Precious baby. Loved seeing her. Her coat looks even better than when I last saw her, Stacey! Little TLC goes a long way. Cutest little thing, I just wanted to take her home, slap a diaper on her, and keep her inside with a litter box, lol!


----------



## Trickyroo (Sep 26, 2012)

Aww , what a adorable little girl ! She would make a perfect buddy for 
my Bill and HoneyBee , lolol.


----------



## StaceyRosado (Oct 5, 2007)

Trickyroo I have thought of sellin her so she can be a pet for someone. But I just can't seem to do it. Mostly because she was so sickly and needed so much TLC. Now that she is doing better I want to see of she will mature. She may never so I maybe forced to sell her since I already have 2 pets! And I promised my husband the goats would pay their way after this year.


----------



## lauraanimal1 (Sep 5, 2013)

Stacey, She is a doll! Reading this thread makes me wonder about my alpine girl, She had a hard start from the begging. Was born in the last blizzard of the year out in the snow left to die, was found by the owner half frozen to death (as she put it) Mom wouldn't accept her, so she had to be bottle fed. She was born April 15th, and is just 59lbs. She looks good and healthy, no fish tale, some rusting (she is black) and a slight wry face, just enough to see that its crooked, but thats it. She eats, drinks, plays and etc. great.

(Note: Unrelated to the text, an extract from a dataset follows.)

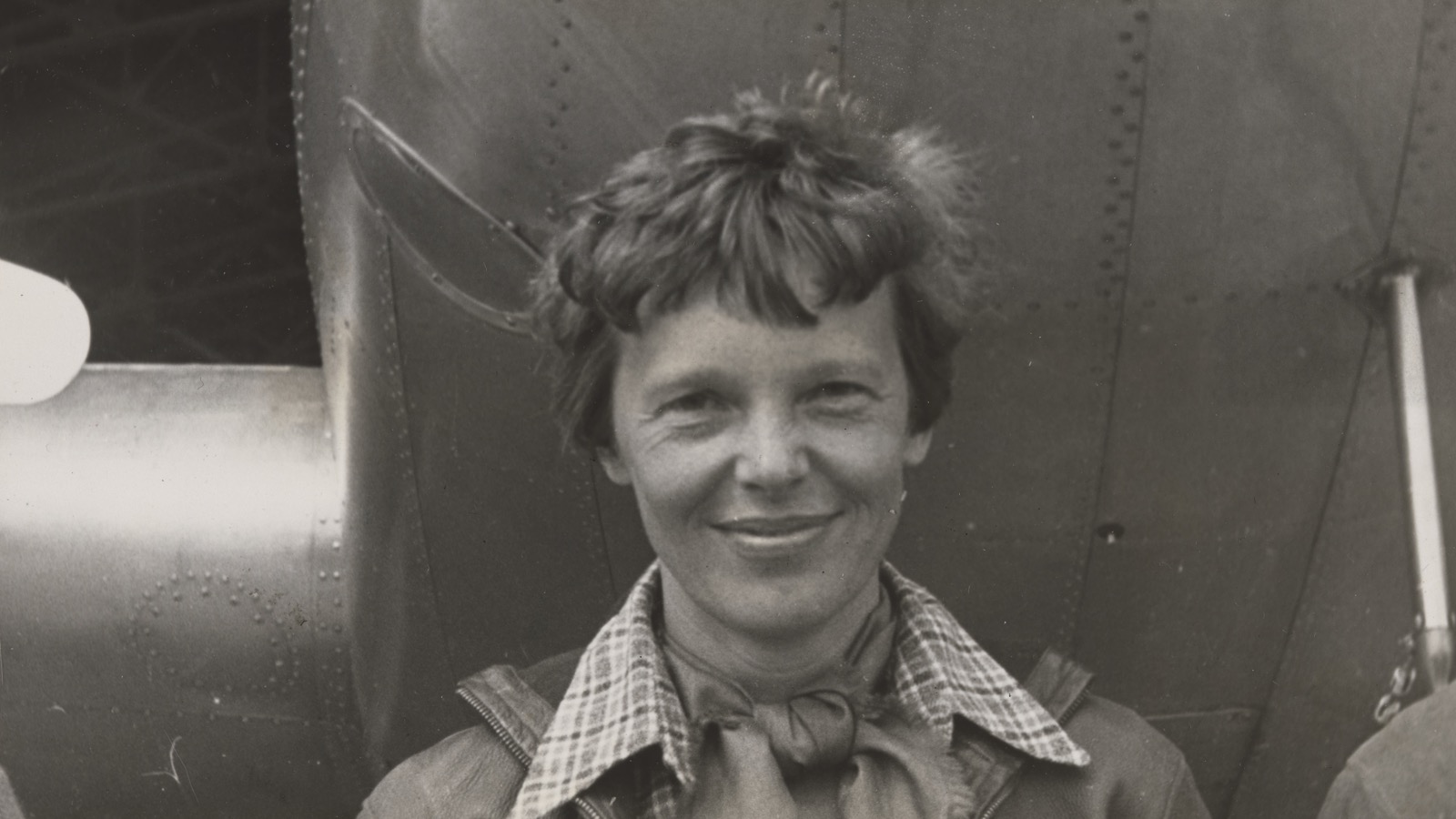 Black-and-white portrait, probably from March 1937, of Amelia Earhart smiling beneath the riveted nose of her Lockheed Model 10-E Electra.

So I wonder, if she stays this small by the times she is 8 months, would it be best to never breed her, breed her to a ND due to her size or just wait a year and see or ? Still very very new to all this, only have had them for 3 1/2 months.


----------



## liz (Oct 5, 2007)

She is looking good! 
She may just surprise you too, even with the rough start she had she just needs time to get things in order so she can put all that TLC and food into filling out and growing


----------



## nchen7 (Feb 25, 2013)

she's looking great! what a sweet little face!!


----------



## StaceyRosado (Oct 5, 2007)

Laura as to your girl. I would give her till next fall to see how she grows. But with a crooked faced you may not want to breed her anyway as that's a fault and can be passed on. It can get worse with time and make it harder for her to eat. It may not but its good to be aware just in case


----------



## Trickyroo (Sep 26, 2012)

StaceyRosado said:


> Trickyroo I have thought of sellin her so she can be a pet for someone. But I just can't seem to do it. Mostly because she was so sickly and needed so much TLC. Now that she is doing better I want to see of she will mature. She may never so I maybe forced to sell her since I already have 2 pets! And I promised my husband the goats would pay their way after this year.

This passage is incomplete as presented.